# Problem requirements
Exact copies of all the entries are needed.

# Entries supplied
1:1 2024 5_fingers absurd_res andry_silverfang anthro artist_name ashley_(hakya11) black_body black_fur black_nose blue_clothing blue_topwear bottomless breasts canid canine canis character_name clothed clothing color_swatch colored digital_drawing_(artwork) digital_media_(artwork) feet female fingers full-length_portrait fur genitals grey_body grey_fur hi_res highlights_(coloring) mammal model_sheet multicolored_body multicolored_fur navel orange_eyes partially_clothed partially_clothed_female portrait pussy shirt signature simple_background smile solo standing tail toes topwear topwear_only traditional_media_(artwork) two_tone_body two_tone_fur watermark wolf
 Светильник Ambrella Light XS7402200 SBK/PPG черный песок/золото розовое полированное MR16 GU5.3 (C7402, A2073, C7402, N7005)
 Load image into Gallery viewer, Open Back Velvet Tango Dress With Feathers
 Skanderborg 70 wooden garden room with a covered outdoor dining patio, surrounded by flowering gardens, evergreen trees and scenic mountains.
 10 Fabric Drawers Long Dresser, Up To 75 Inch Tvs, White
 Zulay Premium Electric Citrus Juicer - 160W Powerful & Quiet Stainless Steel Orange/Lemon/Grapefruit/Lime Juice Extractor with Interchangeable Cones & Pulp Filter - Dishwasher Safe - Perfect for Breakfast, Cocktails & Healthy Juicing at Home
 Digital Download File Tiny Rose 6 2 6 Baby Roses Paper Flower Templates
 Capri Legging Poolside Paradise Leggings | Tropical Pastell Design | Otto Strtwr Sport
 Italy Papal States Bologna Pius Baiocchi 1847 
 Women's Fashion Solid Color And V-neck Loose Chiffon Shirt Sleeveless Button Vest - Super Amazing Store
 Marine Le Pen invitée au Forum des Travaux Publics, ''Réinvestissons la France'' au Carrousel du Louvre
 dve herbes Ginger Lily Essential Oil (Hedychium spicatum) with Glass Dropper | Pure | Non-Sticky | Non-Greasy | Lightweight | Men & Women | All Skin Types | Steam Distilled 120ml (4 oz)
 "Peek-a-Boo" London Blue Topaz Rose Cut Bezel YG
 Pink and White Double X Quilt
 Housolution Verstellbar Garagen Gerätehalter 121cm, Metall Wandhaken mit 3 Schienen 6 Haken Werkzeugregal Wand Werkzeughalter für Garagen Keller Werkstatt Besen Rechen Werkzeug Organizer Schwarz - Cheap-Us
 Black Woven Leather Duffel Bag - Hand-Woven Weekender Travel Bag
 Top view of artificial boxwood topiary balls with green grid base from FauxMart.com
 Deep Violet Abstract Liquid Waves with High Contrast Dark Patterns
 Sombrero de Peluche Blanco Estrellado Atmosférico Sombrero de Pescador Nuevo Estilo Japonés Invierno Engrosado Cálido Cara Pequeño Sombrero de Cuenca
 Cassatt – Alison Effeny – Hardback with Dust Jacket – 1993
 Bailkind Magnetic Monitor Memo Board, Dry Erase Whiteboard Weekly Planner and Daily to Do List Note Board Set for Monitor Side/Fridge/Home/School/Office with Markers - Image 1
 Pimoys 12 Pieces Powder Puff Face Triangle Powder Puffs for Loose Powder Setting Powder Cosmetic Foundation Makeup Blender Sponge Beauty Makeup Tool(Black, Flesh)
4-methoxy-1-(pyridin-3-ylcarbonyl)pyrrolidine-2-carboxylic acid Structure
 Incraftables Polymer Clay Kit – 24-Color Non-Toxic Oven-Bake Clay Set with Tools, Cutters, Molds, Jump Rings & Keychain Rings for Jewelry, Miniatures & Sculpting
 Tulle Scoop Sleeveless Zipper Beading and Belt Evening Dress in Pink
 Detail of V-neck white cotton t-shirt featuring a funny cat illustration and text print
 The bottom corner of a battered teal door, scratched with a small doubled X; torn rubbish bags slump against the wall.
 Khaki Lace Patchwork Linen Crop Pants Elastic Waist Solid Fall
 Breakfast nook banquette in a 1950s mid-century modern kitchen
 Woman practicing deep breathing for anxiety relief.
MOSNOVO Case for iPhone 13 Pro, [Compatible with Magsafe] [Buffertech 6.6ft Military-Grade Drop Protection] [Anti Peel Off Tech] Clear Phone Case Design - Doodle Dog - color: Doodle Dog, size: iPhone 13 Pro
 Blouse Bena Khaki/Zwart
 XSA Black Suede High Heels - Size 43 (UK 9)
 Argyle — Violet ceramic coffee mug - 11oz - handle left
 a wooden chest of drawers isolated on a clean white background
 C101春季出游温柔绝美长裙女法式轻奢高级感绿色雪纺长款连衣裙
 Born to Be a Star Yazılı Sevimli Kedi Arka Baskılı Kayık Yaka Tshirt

# Solution to the problem
1:1 2024 5_fingers absurd_res andry_silverfang anthro artist_name ashley_(hakya11) black_body black_fur black_nose blue_clothing blue_topwear bottomless breasts canid canine canis character_name clothed clothing color_swatch colored digital_drawing_(artwork) digital_media_(artwork) feet female fingers full-length_portrait fur genitals grey_body grey_fur hi_res highlights_(coloring) mammal model_sheet multicolored_body multicolored_fur navel orange_eyes partially_clothed partially_clothed_female portrait pussy shirt signature simple_background smile solo standing tail toes topwear topwear_only traditional_media_(artwork) two_tone_body two_tone_fur watermark wolf
 Светильник Ambrella Light XS7402200 SBK/PPG черный песок/золото розовое полированное MR16 GU5.3 (C7402, A2073, C7402, N7005)
 Load image into Gallery viewer, Open Back Velvet Tango Dress With Feathers
 Skanderborg 70 wooden garden room with a covered outdoor dining patio, surrounded by flowering gardens, evergreen trees and scenic mountains.
 10 Fabric Drawers Long Dresser, Up To 75 Inch Tvs, White
 Zulay Premium Electric Citrus Juicer - 160W Powerful & Quiet Stainless Steel Orange/Lemon/Grapefruit/Lime Juice Extractor with Interchangeable Cones & Pulp Filter - Dishwasher Safe - Perfect for Breakfast, Cocktails & Healthy Juicing at Home
 Digital Download File Tiny Rose 6 2 6 Baby Roses Paper Flower Templates
 Capri Legging Poolside Paradise Leggings | Tropical Pastell Design | Otto Strtwr Sport
 Italy Papal States Bologna Pius Baiocchi 1847 
 Women's Fashion Solid Color And V-neck Loose Chiffon Shirt Sleeveless Button Vest - Super Amazing Store
 Marine Le Pen invitée au Forum des Travaux Publics, ''Réinvestissons la France'' au Carrousel du Louvre
 dve herbes Ginger Lily Essential Oil (Hedychium spicatum) with Glass Dropper | Pure | Non-Sticky | Non-Greasy | Lightweight | Men & Women | All Skin Types | Steam Distilled 120ml (4 oz)
 "Peek-a-Boo" London Blue Topaz Rose Cut Bezel YG
 Pink and White Double X Quilt
 Housolution Verstellbar Garagen Gerätehalter 121cm, Metall Wandhaken mit 3 Schienen 6 Haken Werkzeugregal Wand Werkzeughalter für Garagen Keller Werkstatt Besen Rechen Werkzeug Organizer Schwarz - Cheap-Us
 Black Woven Leather Duffel Bag - Hand-Woven Weekender Travel Bag
 Top view of artificial boxwood topiary balls with green grid base from FauxMart.com
 Deep Violet Abstract Liquid Waves with High Contrast Dark Patterns
 Sombrero de Peluche Blanco Estrellado Atmosférico Sombrero de Pescador Nuevo Estilo Japonés Invierno Engrosado Cálido Cara Pequeño Sombrero de Cuenca
 Cassatt – Alison Effeny – Hardback with Dust Jacket – 1993
 Bailkind Magnetic Monitor Memo Board, Dry Erase Whiteboard Weekly Planner and Daily to Do List Note Board Set for Monitor Side/Fridge/Home/School/Office with Markers - Image 1
 Pimoys 12 Pieces Powder Puff Face Triangle Powder Puffs for Loose Powder Setting Powder Cosmetic Foundation Makeup Blender Sponge Beauty Makeup Tool(Black, Flesh)
4-methoxy-1-(pyridin-3-ylcarbonyl)pyrrolidine-2-carboxylic acid Structure
 Incraftables Polymer Clay Kit – 24-Color Non-Toxic Oven-Bake Clay Set with Tools, Cutters, Molds, Jump Rings & Keychain Rings for Jewelry, Miniatures & Sculpting
 Tulle Scoop Sleeveless Zipper Beading and Belt Evening Dress in Pink
 Detail of V-neck white cotton t-shirt featuring a funny cat illustration and text print
 The bottom corner of a battered teal door, scratched with a small doubled X; torn rubbish bags slump against the wall.
 Khaki Lace Patchwork Linen Crop Pants Elastic Waist Solid Fall
 Breakfast nook banquette in a 1950s mid-century modern kitchen
 Woman practicing deep breathing for anxiety relief.
MOSNOVO Case for iPhone 13 Pro, [Compatible with Magsafe] [Buffertech 6.6ft Military-Grade Drop Protection] [Anti Peel Off Tech] Clear Phone Case Design - Doodle Dog - color: Doodle Dog, size: iPhone 13 Pro
 Blouse Bena Khaki/Zwart
 XSA Black Suede High Heels - Size 43 (UK 9)
 Argyle — Violet ceramic coffee mug - 11oz - handle left
 a wooden chest of drawers isolated on a clean white background
 C101春季出游温柔绝美长裙女法式轻奢高级感绿色雪纺长款连衣裙
 Born to Be a Star Yazılı Sevimli Kedi Arka Baskılı Kayık Yaka Tshirt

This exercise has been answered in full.